Company claims AI model armed with physics, chemistry expertise can cut inefficiencies in mass production.
Toronto-based Basetwo has closed a $11.5 million USD ($16.5 million CAD) Series A round for its artificial intelligence (AI)-powered copilot for manufacturing engineers.
The software-as-a-service (SaaS) startup is trying to solve tech inefficiencies in large-scale chemical manufacturing. Basetwo says its AI platform can cut energy consumption and costs for the mass production of pharmaceuticals, consumer goods, and gas processing.
According to Gaffoor, AI models don’t understand foundational physics or chemistry, hindering AI deployment in manufacturing.
The all-equity, all-primary round was led by Paris-based firm Axa Venture Partners (AVP), with participation from Glasswing Ventures, Deloitte Ventures, Global Brain Ventures, Shimadzu Corporation, Chiyoda Corporation, and United Arab Emirates (UAE)-based angel investors. Investors from AVP and Glasswing are now on Basetwo’s board of directors.
The financing, which closed in September, brings the company’s total amount raised to $17.5 million USD, following its 2022 seed round led by Glasswing Ventures and Argon Ventures.
Basetwo’s AI copilot seeks to help chemical manufacturers make production more efficient. For pharmaceutical companies, this could mean identifying and setting the optimal reactor temperatures and mixing speeds when scaling up the production of new drugs.
Thouheed Abdul Gaffoor, CEO and co-founder of Basetwo, said that most generative AI applications have focused on consumer use cases, but optimizing manufacturing through AI requires a different approach that incorporates expertise in physics and engineering.
The biggest problem with deploying AI in manufacturing, according to Gaffoor, is that AI models don’t understand the foundations of physics and chemistry.
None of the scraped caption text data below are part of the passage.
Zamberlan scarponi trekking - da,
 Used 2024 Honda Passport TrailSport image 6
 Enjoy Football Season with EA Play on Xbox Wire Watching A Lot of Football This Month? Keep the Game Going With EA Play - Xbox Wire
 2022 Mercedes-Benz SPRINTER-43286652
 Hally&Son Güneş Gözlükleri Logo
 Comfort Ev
Instead, they generate outputs based only on historical manufacturing data.
“This is okay for problems such as classifying cats or dogs in images,” Gaffoor told BetaKit. “Still, this would be highly problematic when trying to simulate engineering problems such as chemical reactions in tanks, combustion in engines, or distillation in columns.”
Gaffoor said that Basetwo’s model combines this data with physics and chemistry principles found in engineering handbooks, chemical data tables, and equipment specification files. The approach is handy for pharmaceutical manufacturers, who may be testing new compounds and have limited data available about how they behave in mass production.